Here is an article from Stereophile that I found interesting:
The Deflavorizing Machine
There's an old Woody Allen bit about his mother running the family's food through a "deflavorizing machine" a couple of times, just to make sure dinner was completely tasteless. Well, that's what a lot of contemporary music sounds like to me. Booker T. Jones's recent album The Road from Memphis has some great tunes, but the sound of the album pales in comparison with his seriously funky work with Booker T. & the MG's in the 1960s. It's not just that the new CD is maximally compressed and processed to a fare-thee-well—it's a totally lifeless recording. But this isn't just another analog vs digital diatribe. The problems have little to do with the recording format; it's the way recordings are now made. Too many are assembled out of bits and pieces of sound to create technically perfect, Auto-Tuned, Pro Tooled music. It's not that great music can't be made that way, but it's sure as hell less likely to get my mojo workin'.
All of that was running through my head as I made my way through the Audio Engineering Society's annual convention, held last October in New York City. Thousands of engineers and producers attended the show, and when I chatted with some of them one on one, I got the impression that they were committed to making great-sounding recordings. The disconnect between these engineers' intentions and the reality of today's soulless recordings baffled me.

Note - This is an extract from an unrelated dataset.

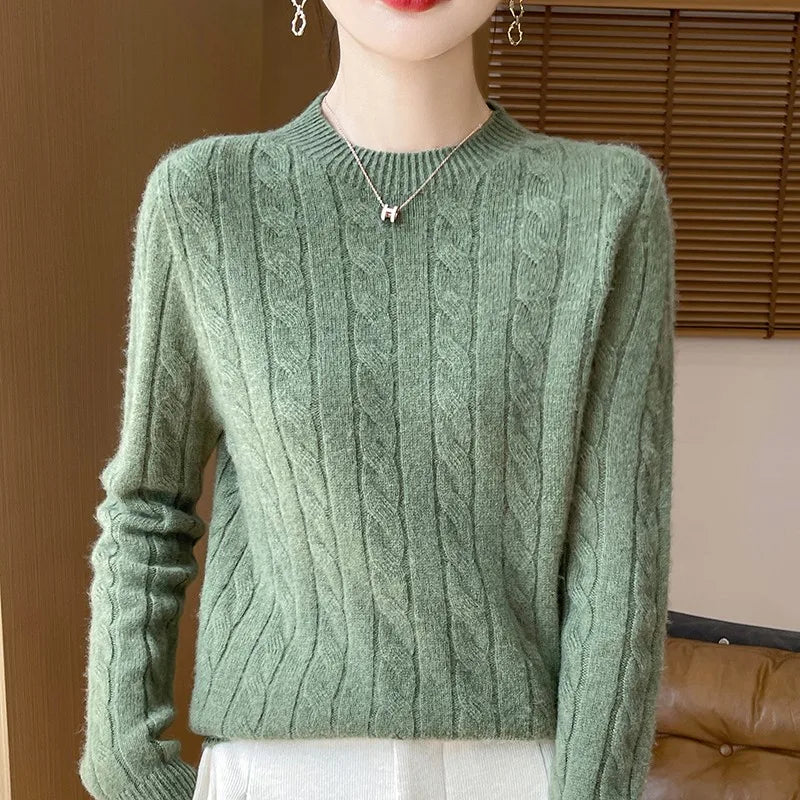 Wool Semi Turtleneck Sweater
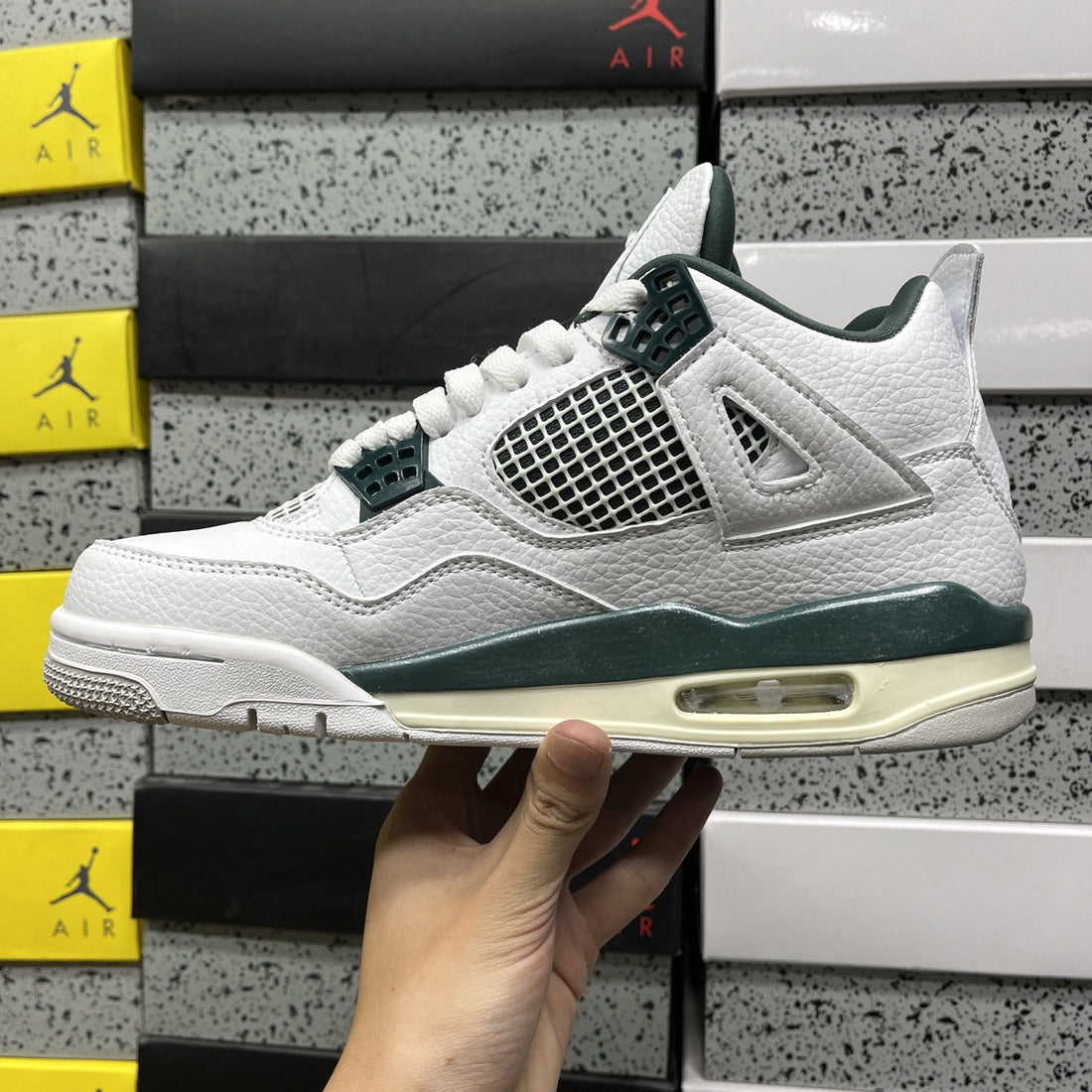 Air Jordan 4 Oxidized Green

At the "Platinum Producers" workshop, with panelists Steve Jordan (Keith Richards, The Verbs), David Kahne (Tony Bennett, Paul McCartney), and Gabe Roth (Daptone Records), I felt that my concerns were shared—especially when Roth said, "You used to have people together in a room playing a song; now they make records that try to sound like people together playing a song." Jordan chimed in: "I like to hear a performance on a track, and when you have that coupled with analog tape, the music can affect you physically, and you have something. With digital, there are a lot of elements involved, and when you're spending too much time 'perfecting' the music, you're probably going to lose the feel. Human beings' heart rates aren't steady, they go up and down, but that's exactly what's being extracted from a lot of today's music." The deflavorizing machines have taken over.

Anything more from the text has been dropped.